03. The forward pass — one prediction, end to end¶

The cat-robot, computing. Every shape, every number, in the order they happen.

Built on 02-activation-functions.md. The bend is now in your hand. Let us see the rule pile run.

The mental model first — pipeline, not magic¶

See. A neural network is just a pipeline. Numbers go in one end. They flow through stages. A number comes out the other end.

Each stage is one layer. Inside a layer, many neurons compute in parallel — same input, different weights. That is one whole "rule pile slice" of the cat-robot.

Then a bend. Then the next slice.

   inputs              hidden layer              output
                       (parallel neurons)

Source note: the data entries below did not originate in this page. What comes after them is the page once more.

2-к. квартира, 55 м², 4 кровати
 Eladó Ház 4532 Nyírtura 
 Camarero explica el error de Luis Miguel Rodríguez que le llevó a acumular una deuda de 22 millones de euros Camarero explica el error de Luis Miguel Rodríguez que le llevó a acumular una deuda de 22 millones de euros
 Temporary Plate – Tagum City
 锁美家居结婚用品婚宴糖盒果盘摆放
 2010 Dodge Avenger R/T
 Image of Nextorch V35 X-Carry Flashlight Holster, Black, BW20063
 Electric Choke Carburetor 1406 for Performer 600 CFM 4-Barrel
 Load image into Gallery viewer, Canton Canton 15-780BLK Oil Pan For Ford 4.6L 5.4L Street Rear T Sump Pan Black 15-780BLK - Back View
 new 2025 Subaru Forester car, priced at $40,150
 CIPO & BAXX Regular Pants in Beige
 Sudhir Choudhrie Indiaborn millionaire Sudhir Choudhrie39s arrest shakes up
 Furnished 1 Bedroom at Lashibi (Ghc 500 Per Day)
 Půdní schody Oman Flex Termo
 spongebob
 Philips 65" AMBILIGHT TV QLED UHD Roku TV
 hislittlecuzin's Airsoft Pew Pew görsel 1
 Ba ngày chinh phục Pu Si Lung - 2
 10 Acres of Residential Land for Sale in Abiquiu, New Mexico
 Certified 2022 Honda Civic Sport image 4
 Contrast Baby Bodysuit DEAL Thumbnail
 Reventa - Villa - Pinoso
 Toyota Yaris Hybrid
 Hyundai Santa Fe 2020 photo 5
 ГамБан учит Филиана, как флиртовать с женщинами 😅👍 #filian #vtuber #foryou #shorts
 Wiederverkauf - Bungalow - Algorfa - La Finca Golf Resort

   x ─┐              ┌──── neuron 1 ────┐
      │              │                  │
      ├──→ stretch ──┼──── neuron 2 ────┼──→ bend ──→ stretch ──→ ŷ
      │              │                  │
      └─             └──── neuron k ────┘

Stretch = matrix multiply. Bend = activation. Stretch again = next layer. That is it.

So one forward pass is one number entering and one number leaving — but inside, dozens of parallel neurons fire at every layer. The cat-robot is wide, not just deep.

The toy network we will hand-compute¶

Smallest network that solves XOR. Two inputs. Two hidden neurons with ReLU. One output.

       x₁ ─────●─────────●─── h₁ ─────●
                ╲       ╱              ╲
                 ╲     ╱                ╲
                  ╲   ╱                  ●─── ŷ
                   ╲ ╱                  ╱
                    ╳                  ╱
                   ╱ ╲                ╱
                  ╱   ╲              ╱
                 ╱     ╲            ╱
       x₂ ─────●─────────●─── h₂ ──●

       input          hidden          output
       layer          layer           layer
       (2 nodes)      (2 ReLU)        (1 node)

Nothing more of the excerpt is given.